Imagine for a moment a villain (or villains) trapped powerless for years. After being reanimated by an unsuspecting populace, the newly-released evil goes forth to wreak havoc until it’s only once again conquered through tremendous effort and sacrifice.
Sound familiar? It should. What’s described above is a routinely-occurring fictional trope (often referred to as “Sealed Evil in a Can”) that dates all the back to ancient Greece when Pandora opened her eponymous box to release the previously-dormant evils of the world.
This trope has been used time and time again since then — in books (for example Voldemort in Harry Potter), to film (General Zod in Superman II), to television (Khan Singh in Star Trek). It also happens to be a pretty good analogy for a security issue that happens in many virtualized data centers – with potentially staggering consequences that can occur when it does.
Dormant Images, Dormant Problems
To see the problem in action, consider a virtualized environment in the active throes of a security event. For example, imagine a situation where malware is actively propagating unchecked throughout the network or where attackers have deployed rootkits to a subset of hosts (with Command & Control (C&C) channels leading outside the perimeter). What happens if a running virtual host in that context is serialized and stored only to be launched later: for example if a periodically-used slice is no longer actively needed or because a snapshot is captured at that point in time?
If you guessed “sealed evil in a can” you’re right on the money. In this situation, compromised hosts are pulled aside from the population of running hosts where they become a metaphorical “land mine” for the future. It’s only a matter of time before a snapshot taken in this way can resurface to once again cause problems.
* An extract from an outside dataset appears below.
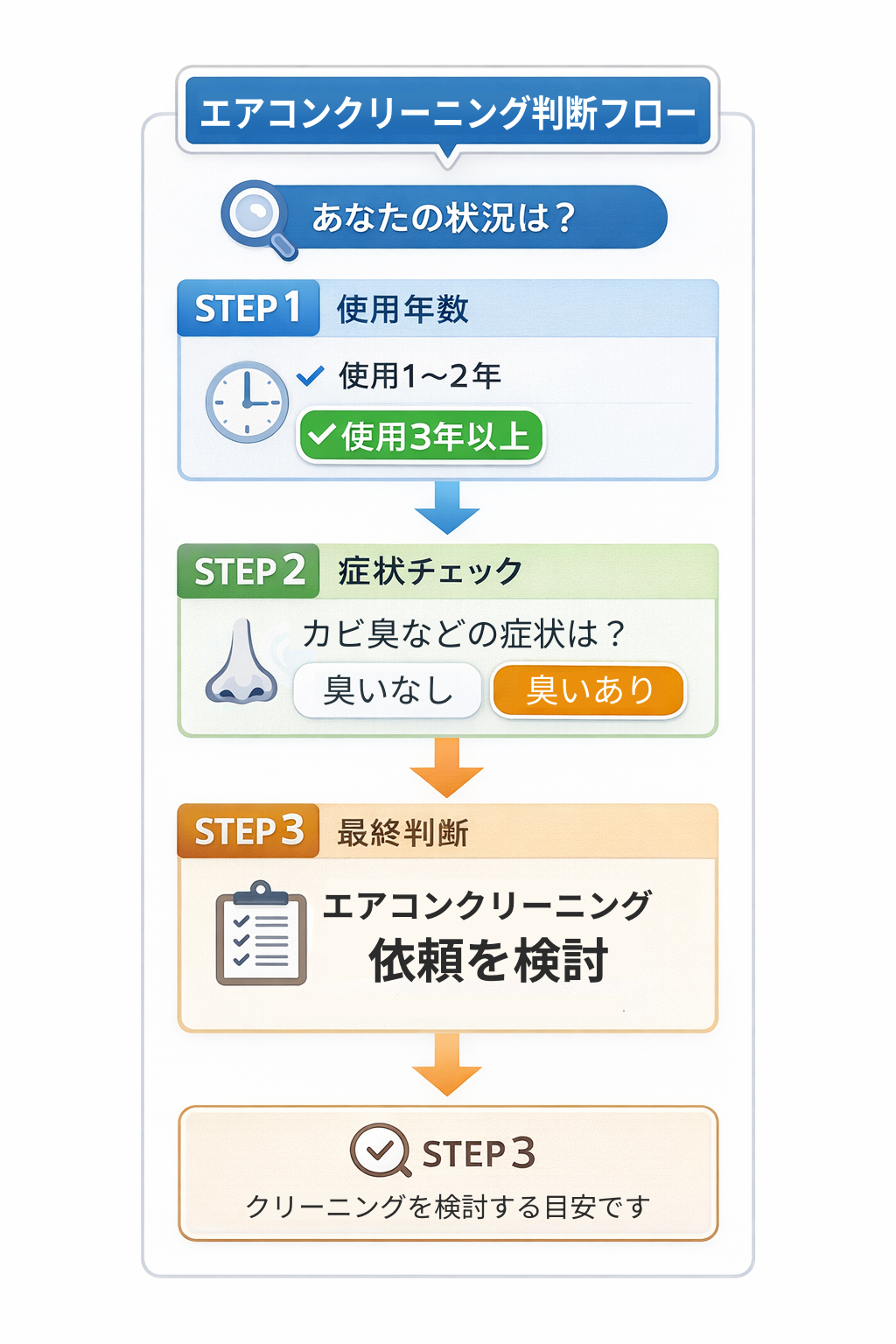 エアコンクリーニング判断フローチャート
Under the best conditions, a host like this could come back online only to start spewing long-removed malware over the network where, since you’ve remediated the environment from this malware already once, you have mechanisms in place to protect against it (or at very least know how to combat it). Worst case though, a host like this could come back with live remote control malware installed, reestablishing an adversary’s command and control pathway and allow that foothold to be used once again as a beachhead for launching attacks against other internal hosts.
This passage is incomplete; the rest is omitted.